I have a dataset with labels 1 to 121 and an unknown label 0.

I am a little confused as to what value I have to set --label_nc to and whether I should use the flag --contain-dontcare-label. I tried --label_nc 121 --contain_dontcare_label and this gives me a CUDA error like this:

/pytorch/aten/src/ATen/native/cuda/ScatterGatherKernel.cu:312: operator(): block: [688,0,0], thread: [55,
0,0] Assertion `idx_dim >= 0 && idx_dim < index_size && "index out of bounds"` failed.                   

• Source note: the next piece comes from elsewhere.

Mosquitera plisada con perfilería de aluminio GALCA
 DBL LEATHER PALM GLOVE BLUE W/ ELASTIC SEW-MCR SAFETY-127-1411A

/pytorch/aten/src/ATen/native/cuda/ScatterGatherKernel.cu:312: operator(): block: [688,0,0], thread: [56,
0,0] Assertion `idx_dim >= 0 && idx_dim < index_size && "index out of bounds"` failed.                   
/pytorch/aten/src/ATen/native/cuda/ScatterGatherKernel.cu:312: operator(): block: [688,0,0], thread: [57,
0,0] Assertion `idx_dim >= 0 && idx_dim < index_size && "index out of bounds"` failed.                   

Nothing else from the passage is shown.